Bev laughed. “How about a new outfit to wear for a night on the town?”
“Mmm. Not a bad idea.”
“Have you told your family yet?”
“Yep. Told them at supper last night.”
“They must have been so pleased!”
“They think I’m nuts!” Jacquie’s normally musical alto changed to a shrill soprano, “What girl in her right mind would want to go around investigating murders?” A mezzo-soprano, “Why don’t you just find a good man and settle down?” A firm contralto, “What do you think you’ll do if you have to go after a murderer?” A threatening bass, “And what will you do if the murderer goes after you?”
“It must be fun having your aunts and grandmother and cousins all living close by.”
“Fun? You think it’s fun? Girl, you need to see more of life!” In one swift, graceful motion, Jacquie jumped off the desk and began to pace the small cubicle. “But, seriously, I do have one very real concern. Manziuk.”
“Detective Inspector Manziuk?”
“I hear he’s a terror to work with.” Jacquie’s mobile face twisted into a scowl.
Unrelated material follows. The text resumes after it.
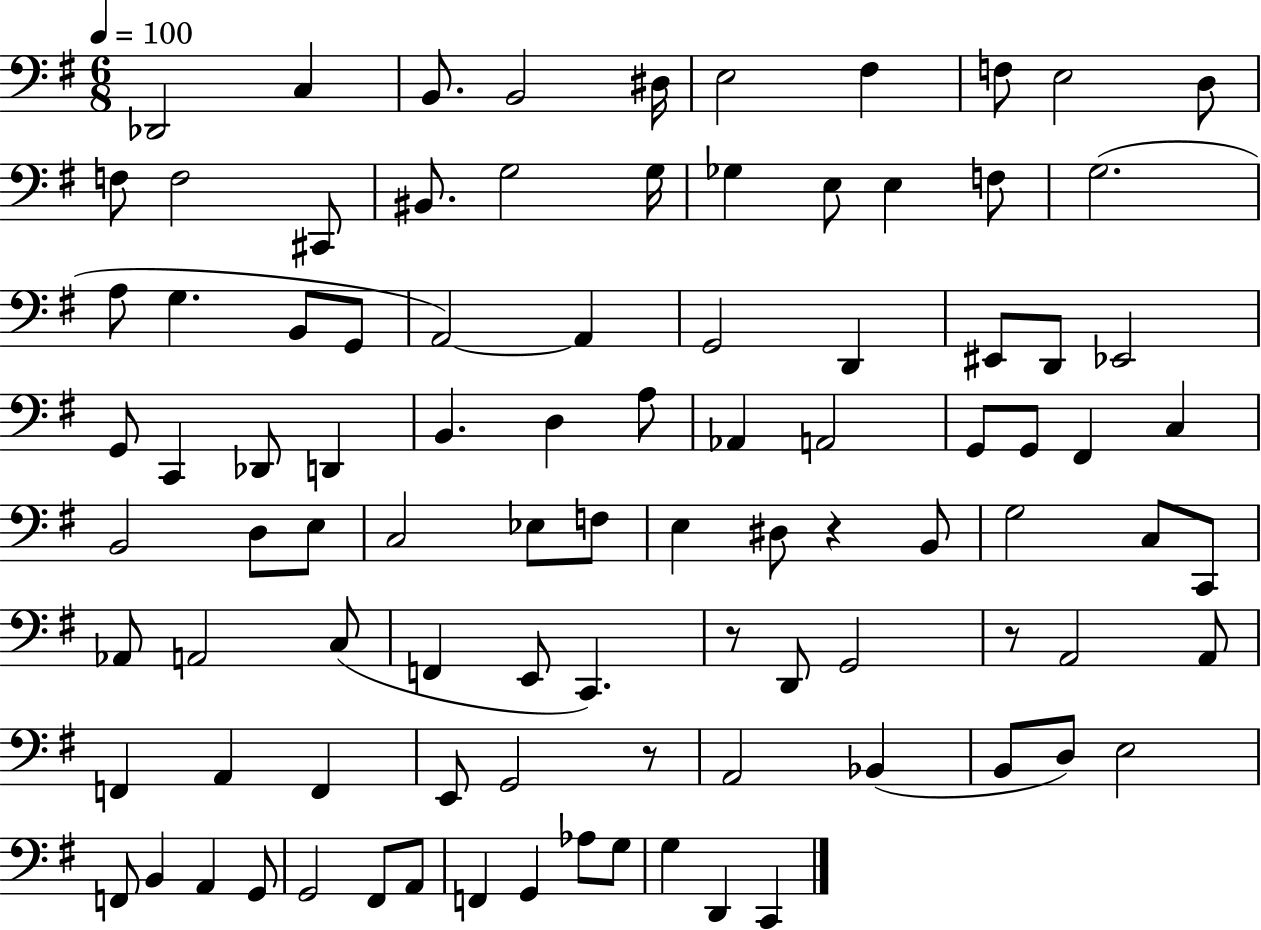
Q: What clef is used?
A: bass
Bev’s reply was cautious. “I’ve heard he doesn’t miss anything. He hates laziness.”
Jacquie continued to pace the tiny area, using her hands to punctuate each sentence. “What I’ve heard is he comes down like a ton of bricks on anybody who makes a mistake. And you know what else? He reminds me of a teacher I had in grade six. Big man, stomach the size of an oven, never so much as a hint of a smile. Hey, we thought if he ever did smile, he might literally crack his face. Well, that’s who Manziuk reminds me of.” Jacquie paused to arrange her features into a deadpan, chin thrust out, lips in a thin line, eyes cold and hard.